My notes on - Effect size and sample size estimations for clinical trials

On my way to design a third and fourth clinical trial I found it useful to reflect on the way the previous studies were designed and what considerations I have made. Randomized trials are only as good as they are designed - and important considerations must be made prior to the initiation of the project. Often recruitment of patients may last for years and therefore a careful plan is needed to enhance the scientific outcome of the study. Conventional randomized trials are designed so that they will provide a meaningful answer on its own (definitive stand-alone study), adresses a superiority question, allocates patients in a 1:1 ratio to two parallel study groups.(1)

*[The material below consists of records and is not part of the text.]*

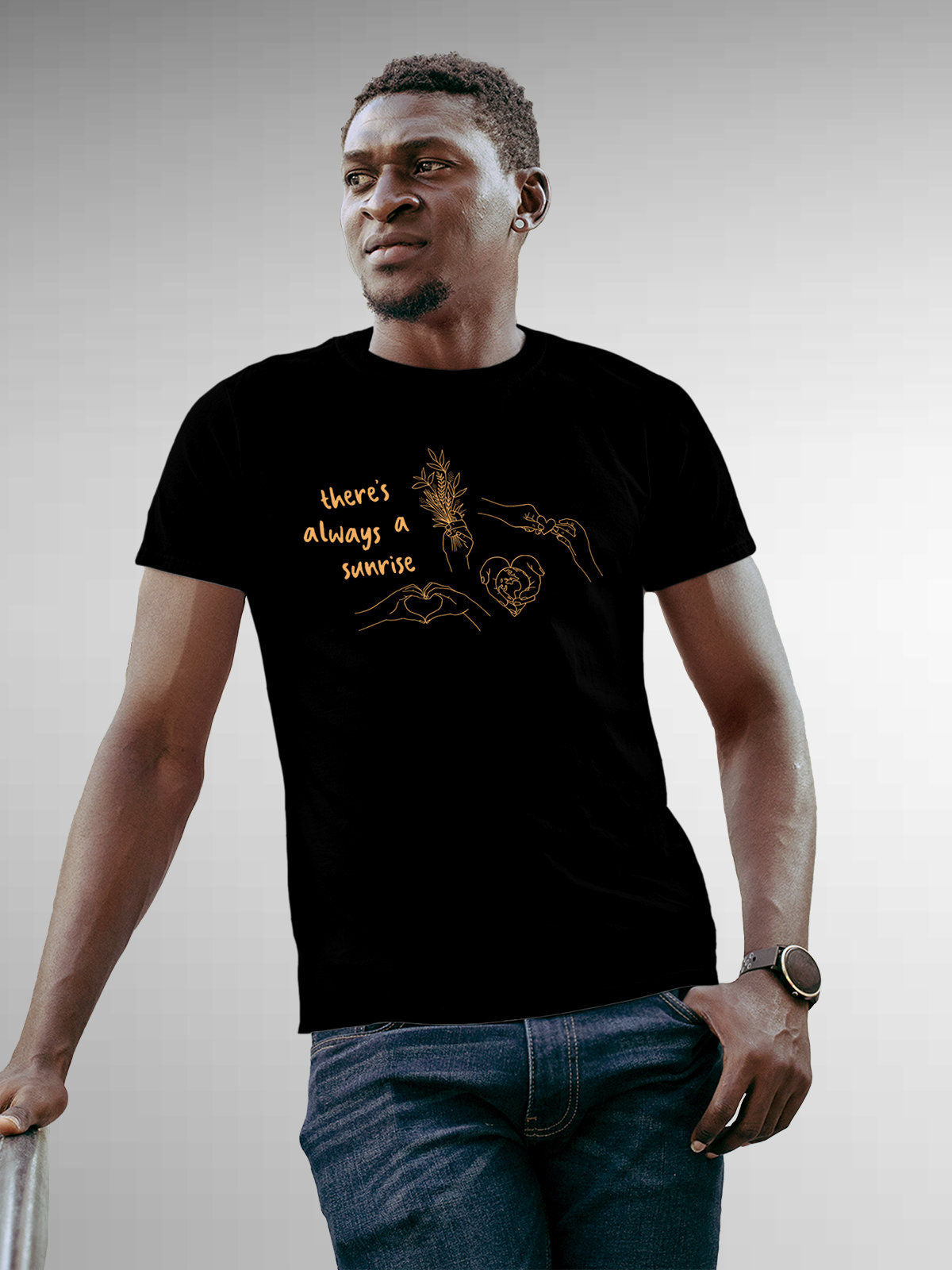 Model wearing Men's Black Round Neck T-shirt with 'There's Always a Sunrise' design, offering effortless style and premium comfort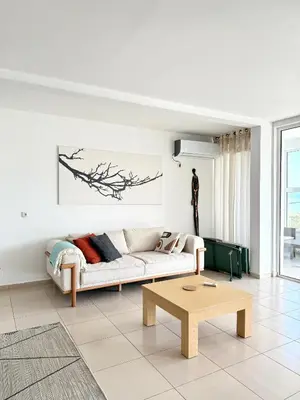a white living room with a couch and a table at Hladna Uvala Minimalist 2 Bedroom Apartman in Bar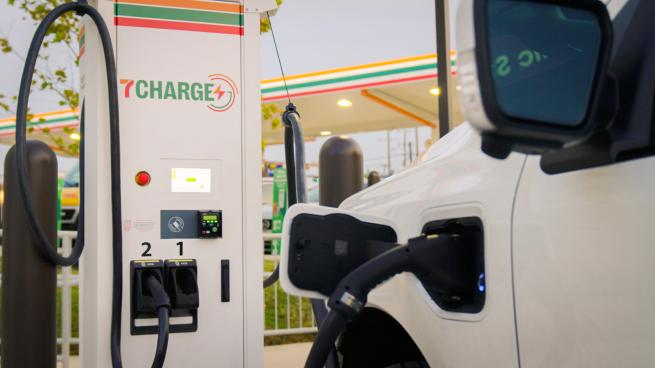 An electric vehicle is plugged in at a 7-Eleven 7Charge charger.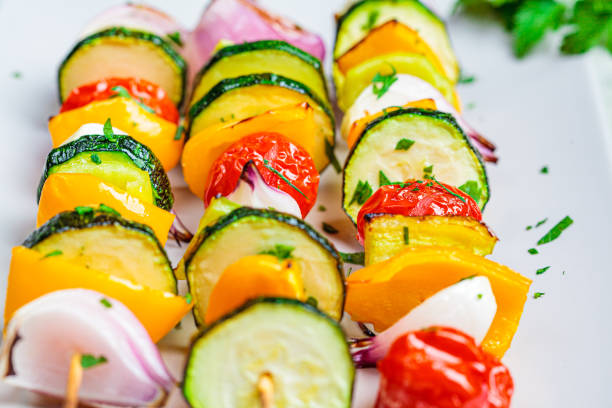 istock Grilled vegetable skewers on gray rectangular plate. Vegan food concept. 1249801527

Choosing the best primary endpoint

Since the sample size estimation and the conclusion of the study is based on what was choosen as primary endpoint it is of outmost importance to deside on the primary endpoint a priori. Also, the endpoint must be meaningful to clinicians, so that the results can be implemented in practise and provide not just evidence but useful information. The primary endpoint must be a variable were it is meaningful to calculate and detect a difference, i.e. effect size. One must deside on choosing an endpoint that is realistic to clinicians or an endpoint that is realistic to the current evidence and in-line with previous studies. Ideal the endpoint is realistic to both. As a further guidance the principe of “the minimal difference important to patients.”(2) Consequently, even a minimal difference can be relevant, when the endpoint is e.g. deaths (mortality) or major cardiovascular events.

For cardioversion trials the endpoint is often “cardioversion efficacy”, i.e. the proportion of patients with a successful treatment outcome. This endpoint has many advantages and we desided on using cardioversion outcome since it provides crusial benefits:

  • It a variable, were a difference can be meassured and is clinical meaningful
  • It a dicotomous outcome, which is very robust, and can be documented on an electrocardiogram

Then, for the individual trials a taget difference must be determined.

Sample size estimation

For estimating the trial size I use the power.prop.test function in R. Considering a hypothesis where the estimated success in the control group is 85% and 95% in the experimental group, i.e. an effect size of 10%.

power.prop.test(p1 = 0.85,                      #p1 = proportion in control group
                p2 = 0.95,                      #p2 = propottion in the experimental group
                sig.level = 0.05,               #choose significance level, standard is 0.05 (alfa value)
                power = 0.80,                   #choose power (beta value)
                alternative = c("two.sided"),   
                n = NULL
                )
## 
##      Two-sample comparison of proportions power calculation 
## 
##               n = 140.0951
##              p1 = 0.85
##              p2 = 0.95
##       sig.level = 0.05
##           power = 0.8
##     alternative = two.sided
## 
## NOTE: n is number in *each* group

References

  1. Cook JA, Hislop J, Altman DG, et al. Specifying the target difference in the primary outcome for a randomised controlled trial: guidance for researchers. Trials. 2015;16(1). doi:10.1186/s13063-014-0526-8

  2. Beaton DE, Boers M, Wells GA. Many faces of the minimal clinically important difference (MCID): a literature review and directions for future research. Current Opinion in Rheumatology. 2002;14(2):109.